[Caption-style text data]
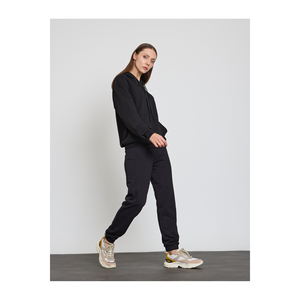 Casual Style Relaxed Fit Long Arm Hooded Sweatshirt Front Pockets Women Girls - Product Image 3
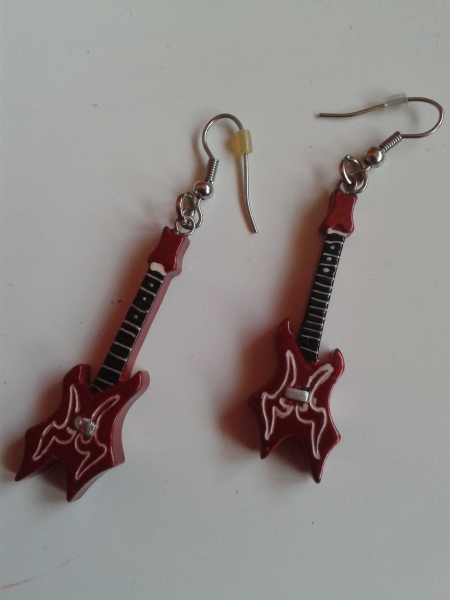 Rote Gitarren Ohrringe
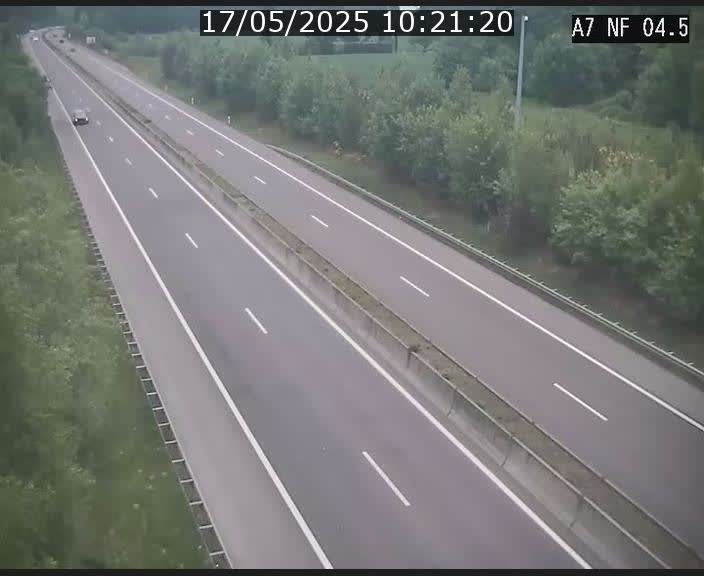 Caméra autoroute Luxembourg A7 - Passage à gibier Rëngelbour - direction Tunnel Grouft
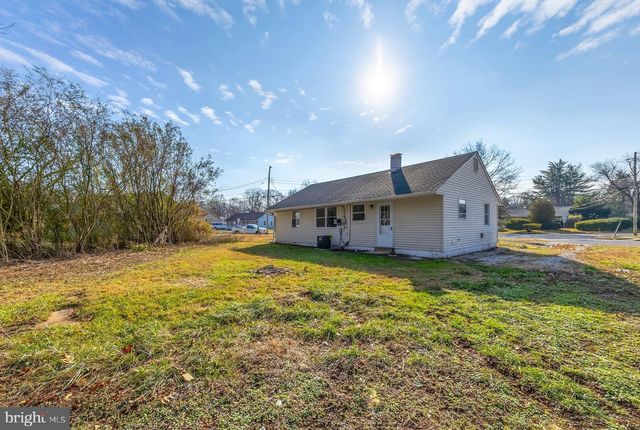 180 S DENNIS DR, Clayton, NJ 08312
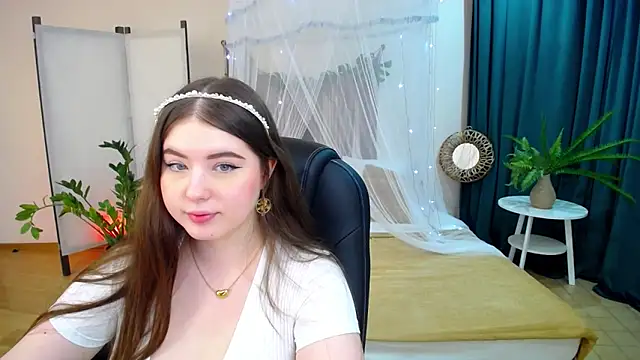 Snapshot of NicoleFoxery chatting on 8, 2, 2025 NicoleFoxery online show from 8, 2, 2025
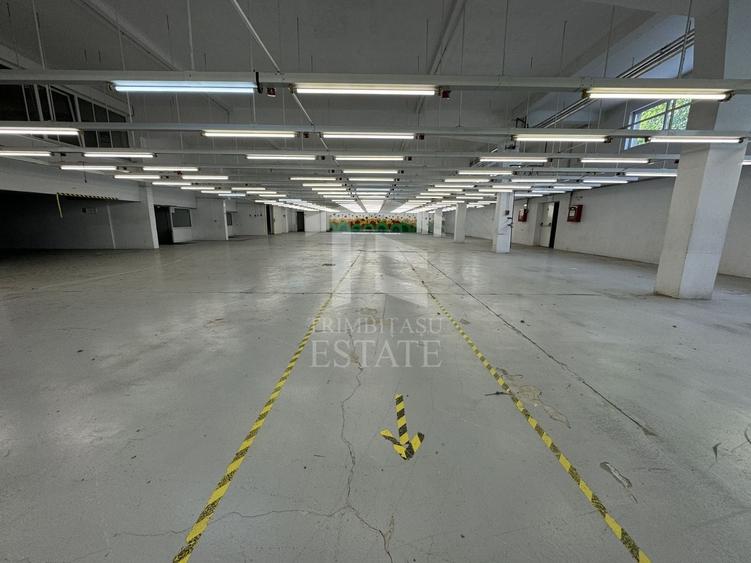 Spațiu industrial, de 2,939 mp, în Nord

> [PROBLEM REQUIREMENTS] From the line containing "Caméra autoroute Luxembourg" to the last line of the entries, output every line exactly as written, but leave out the pictures.

> [WRITTEN REPLY]
 Caméra autoroute Luxembourg A7 - Passage à gibier Rëngelbour - direction Tunnel Grouft
 180 S DENNIS DR, Clayton, NJ 08312
 Snapshot of NicoleFoxery chatting on 8, 2, 2025 NicoleFoxery online show from 8, 2, 2025
 Spațiu industrial, de 2,939 mp, în Nord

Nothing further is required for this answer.